In a sign of digital transformation maturity, the DII reveals that more companies are moving from the initial stage of “building” digital capabilities to “running” or scaling technology solutions and are beginning to see benefits. In 2022, 31% of digital spending is being dedicated to “building” capabilities, while 69% of spending has shifted to “running,” in comparison to 36% and 64%, respectively, in 2020. This suggests that companies are pivoting from core internal operational efficiencies to new digital products and services that enable them to get closer to their customers and generate revenue.
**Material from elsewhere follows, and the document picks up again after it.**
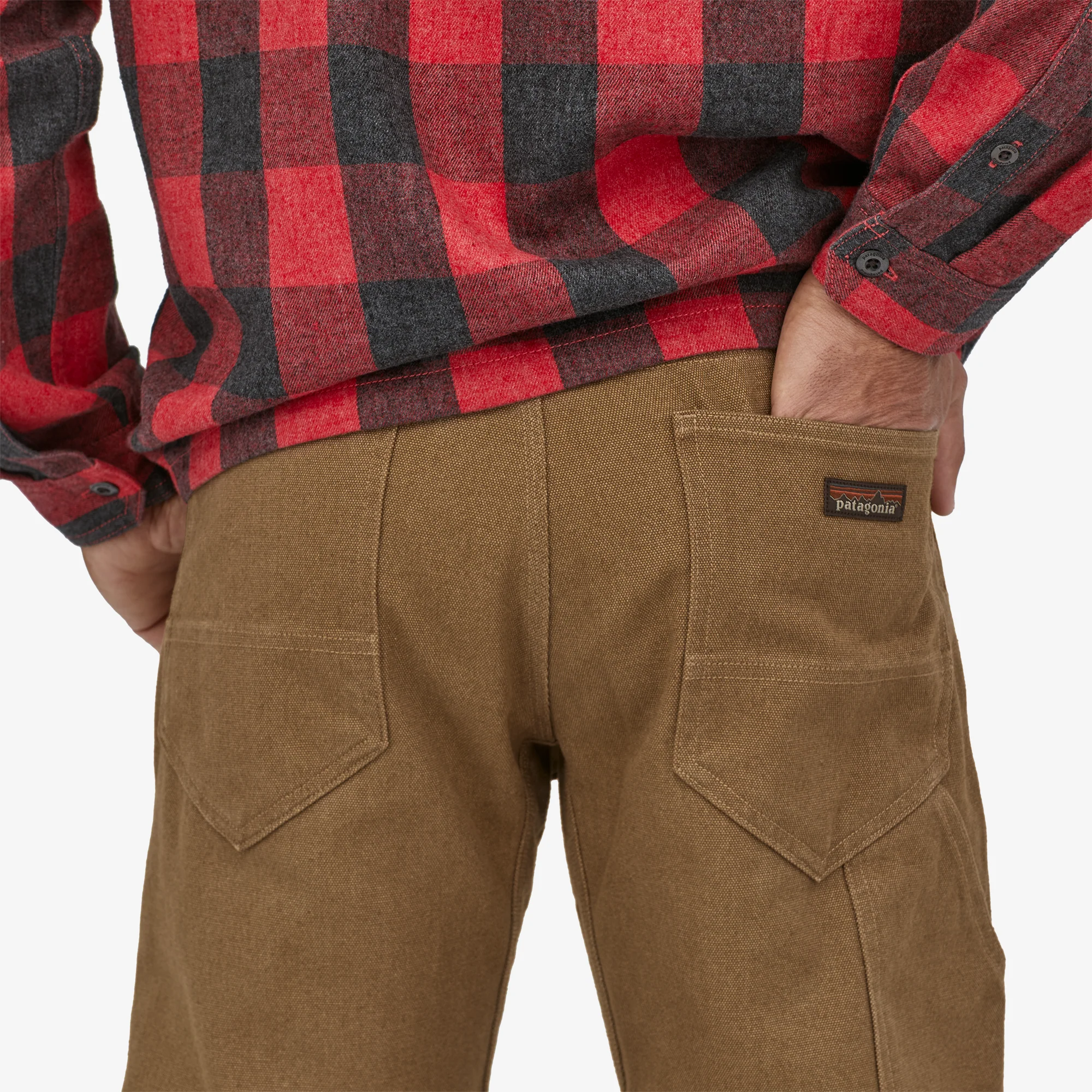 Pantalón Hombre Iron Forge Hemp® 5-Pocket Pants - Corto - Imagen 7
Another indication of companies’ digital journey progression can be seen in the scaling of existing technology investments. For example, many companies have been building data platforms through investments in cloud and IoT. The number of companies reporting that they are now realizing full benefits of their investments in cloud, IoT and AI increased 54% in 2022 compared to 2020. This means they have moved from a proof-of-concept and build phase for key digital technologies to a launch phase.
Overall, companies are setting the foundational elements of digital transformation while moving toward full benefit realization.
Strategy is critical to securing funding for digital projects
A clear strategy, business case and proven agile capabilities are prerequisites to secure the right level of funding. The survey indicates that more companies are connecting their digital strategies with successful implementation, e.g., culture, agility, clear accountabilities, measurement and execution pathways. But many companies still show room for improvement when it comes to defining an actual digital strategy with clear implementation plans and executive accountabilities.
Only 16% of respondents strongly agree that they have a clearly defined strategy for digital — an essential factor in the success of digital investments. However, the numbers do suggest progress compared to the last survey (see Figure 2).